I Submit the Obvious

Be subordinate to one another out of reverence for Christ.

Wives should be subordinate to their husbands as to the Lord. For the husband is head of his wife just as Christ is head of the church, he himself the savior of the body. As the church is subordinate to Christ, so wives should be subordinate to their husbands in everything.

Husbands, love your wives, even as Christ loved the church and handed himself over for her to sanctify her, cleansing her by the bath of water with the word, that he might present to himself the church in splendor, without spot or wrinkle or any such thing, that she might be holy and without blemish.

So (also) husbands should love their wives as their own bodies. He who loves his wife loves himself. For no one hates his own flesh but rather nourishes and cherishes it, even as Christ does the church, because we are members of his body.

“For this reason a man shall leave (his) father and (his) mother and be joined to his wife, and the two shall become one flesh.”

This is a great mystery, but I speak in reference to Christ and the church.
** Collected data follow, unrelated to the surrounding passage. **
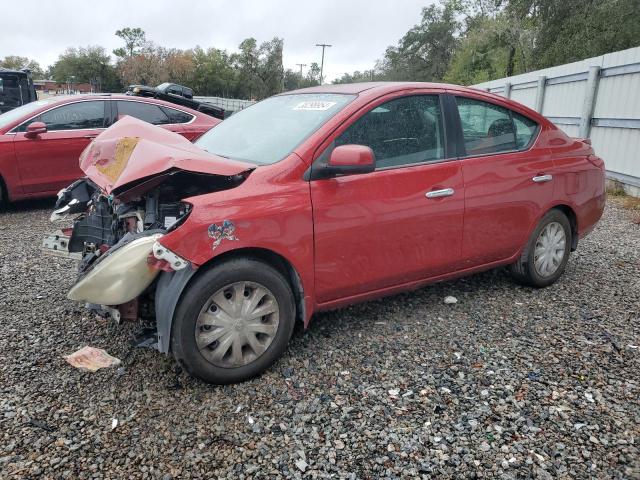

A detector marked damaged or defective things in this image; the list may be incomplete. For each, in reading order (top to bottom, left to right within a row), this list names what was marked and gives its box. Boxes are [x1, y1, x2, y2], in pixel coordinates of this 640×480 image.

crumpled hood [81, 117, 256, 194]
broken bumper [66, 234, 162, 306]
damaged red sedan [45, 81, 604, 382]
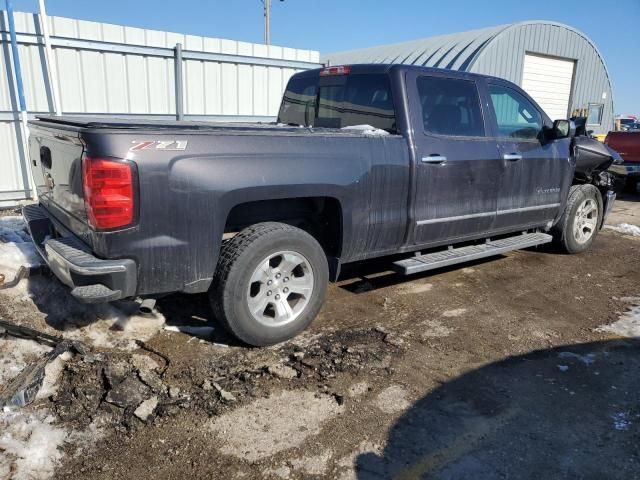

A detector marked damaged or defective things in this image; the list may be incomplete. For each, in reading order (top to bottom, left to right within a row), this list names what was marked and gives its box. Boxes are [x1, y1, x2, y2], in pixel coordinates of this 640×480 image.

broken concrete chunk [134, 396, 159, 422]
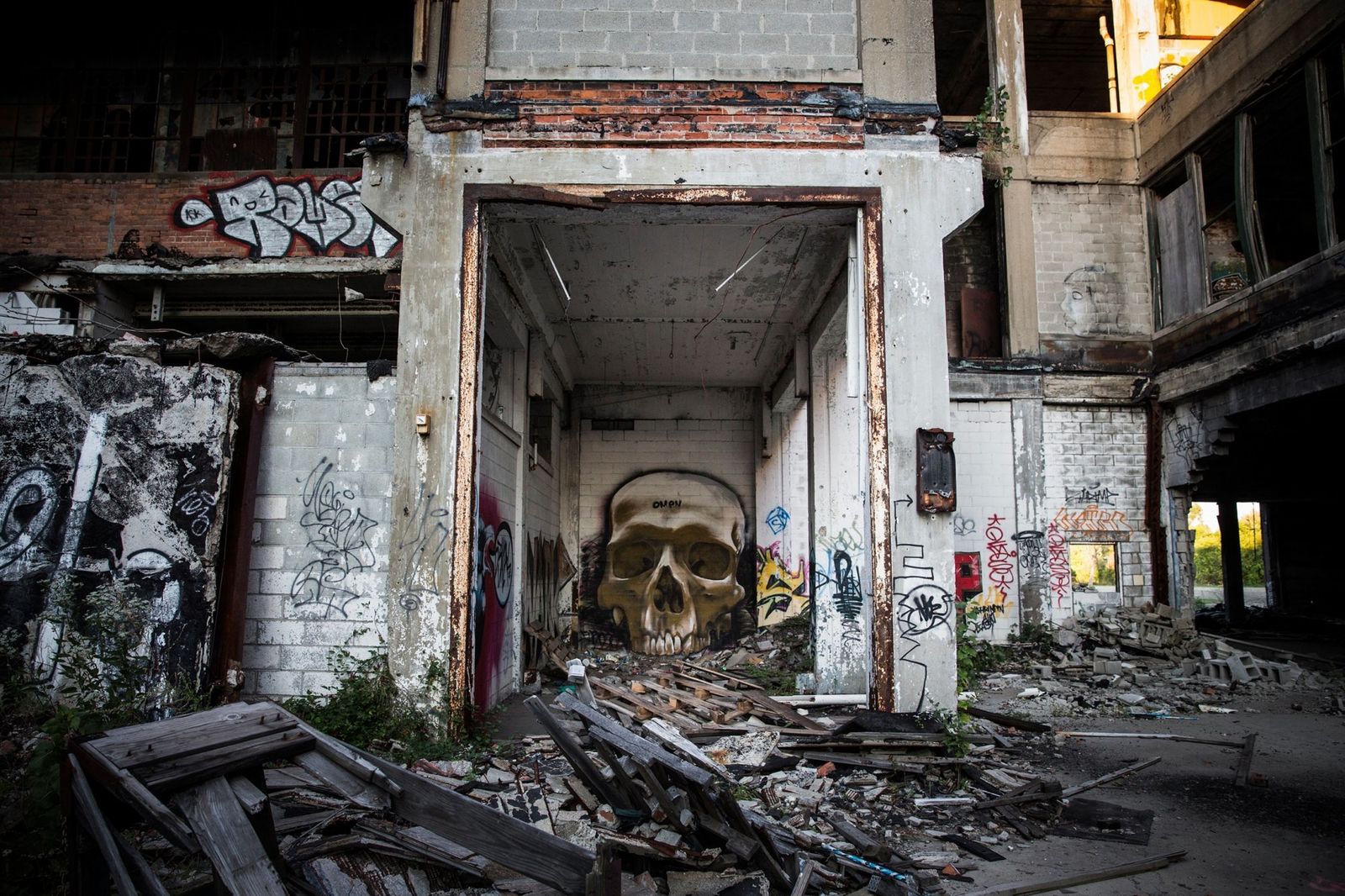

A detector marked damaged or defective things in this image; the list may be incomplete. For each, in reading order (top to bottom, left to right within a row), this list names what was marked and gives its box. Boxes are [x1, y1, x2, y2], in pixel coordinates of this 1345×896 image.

In any case, each one of you should love his wife as himself, and the wife should respect her husband.

Ephesians 5:21-33

Have you ever heard conservative Catholics talk about this passage? They tend to compare marriage to a government or business and suggest that God instructs husbands to “lead” because nothing gets done without someone having final authority. I used to become upset by the way this passage was misused to elevate men over women, now I simply wonder at the way it is first drenched in a utilitarian sauce before being offered up as the supposed meat of Christian married life.

I am not a biblical scholar, but some things are so obvious that I wonder how they are missed by so many. I suspect that the general misapplication of Ephesians chapter five is not merely the result of the way we are trained to read this passage: it is just more fun to make this into something threateningly, absolutely, concrete.

But what happens if we step back and read this the same way that we read the rest of scripture?

The answer for me is that the “practical model” of marriage is replaced with something more mystical. It is not simply the way the passage starts out, and the clear fact that authority is not subordination. It is the fact that the author is writing about Christ and the Church. How then can it be correct to start with the assumption that this passage is about married couples, and only secondarily consider the relationship of Christ to the Church as a  model for human marriage?

Furthermore, a traditional Christian reading of the passage is bound by the idea that marriage is a sacrament/sacred mystery. A mystery would not be a mystery if it were simply another name for efficiency.

With this in mind, I smile when I hear friends say that “someone has to be in charge for marriage to work efficiently.” I may not know much about marriage, but I do know that it is a sacrament–a means of salvation. I worship an omnipotent God whose version of efficiency is coming to earth as a human, living a sinless life, suffering and dying on a cross, and allowing humans the freedom to reject it all. And you suggest that I should believe that that God was suddenly most concerned about efficiency when inspiring the author of Ephesians to write about marriage?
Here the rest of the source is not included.